■ Your assignment ■
The records are to be repeated in full. Every line must match.

Stored data entries:
*** Begin section ***

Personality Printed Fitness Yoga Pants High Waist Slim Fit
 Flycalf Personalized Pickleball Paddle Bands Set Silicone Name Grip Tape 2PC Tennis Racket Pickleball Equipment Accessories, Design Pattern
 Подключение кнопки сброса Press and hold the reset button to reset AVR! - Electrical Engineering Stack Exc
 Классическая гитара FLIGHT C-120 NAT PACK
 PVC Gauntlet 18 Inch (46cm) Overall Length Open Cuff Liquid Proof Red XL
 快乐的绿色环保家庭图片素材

*** End section ***

■ Response for this exercise ■
Personality Printed Fitness Yoga Pants High Waist Slim Fit
 Flycalf Personalized Pickleball Paddle Bands Set Silicone Name Grip Tape 2PC Tennis Racket Pickleball Equipment Accessories, Design Pattern
 Подключение кнопки сброса Press and hold the reset button to reset AVR! - Electrical Engineering Stack Exc
 Классическая гитара FLIGHT C-120 NAT PACK
 PVC Gauntlet 18 Inch (46cm) Overall Length Open Cuff Liquid Proof Red XL
 快乐的绿色环保家庭图片素材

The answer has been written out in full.